Grade 2 student Mia with a label and letter she made to educate others about how to recycle paper on campus.
by LeeAnne Lavender
Service Learning Coach
A recent grade 2 unit called “Be the Change” has resulted in several powerful service learning experiences that have created ripples of change on campus, in Shanghai, and reached as far as Hong Kong, London and California.
Coming after a unit called “I am a Global Citizen”, the “Be the Change” unit was designed to give students a way to create action plans linking a United Nations’ Sustainable Development Goal (SDG) to a local or global need.
And what a wealth of action occurred! The students were excited to apply their learning in tangible ways, and used all five components of the service learning cycle to create a variety of experiences that met environmental and social needs.
Here are some examples of the deep learning that occurred:
· one group investigated trees and the value of trees to our planet’s ecosystems. They researched local trees, and wondered if they could plant a Querus tree on campus.
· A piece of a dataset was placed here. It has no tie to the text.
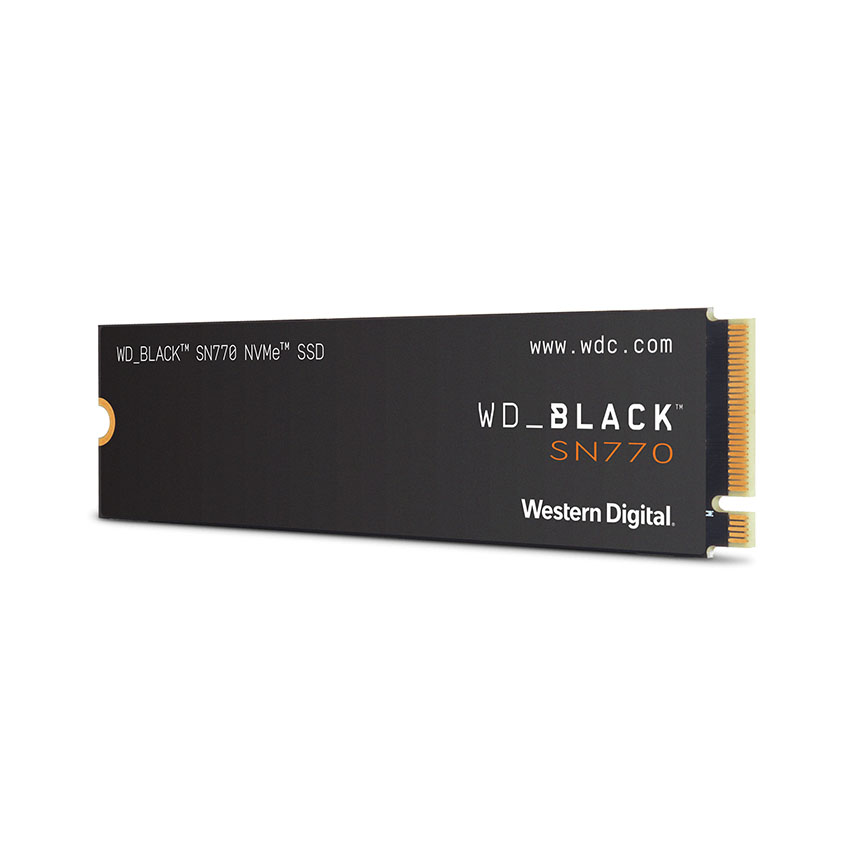 https://dailongpc.vn/66689_o_cung_ssd_wd_sn770_black_500gb_m__4_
After receiving permission, they planted a tree in the elementary school playground, and made posters to educate peers about the importance of trees.
· shark finning and the environmental impacts of overfishing sharks (apex predators in the oceans’ ecosystems) was alarming to another group of students. They made a short video (PSA) pushing adults to avoid eating shark fin soup. The PSO has been accepted for online distribution by HKsharkfoundation.org, bite-back.com and sharkstewards.org.
· concerned about plastics in the oceans after conducting research and interviews, a group of students diverted some single-use plastic bottles from the recycling programs at their housing complexes to make a sculpture. They then used this sculpture to teach other elementary school students about why they should avoid single-use plastics, teaching their peers about the impact of plastics on the oceans.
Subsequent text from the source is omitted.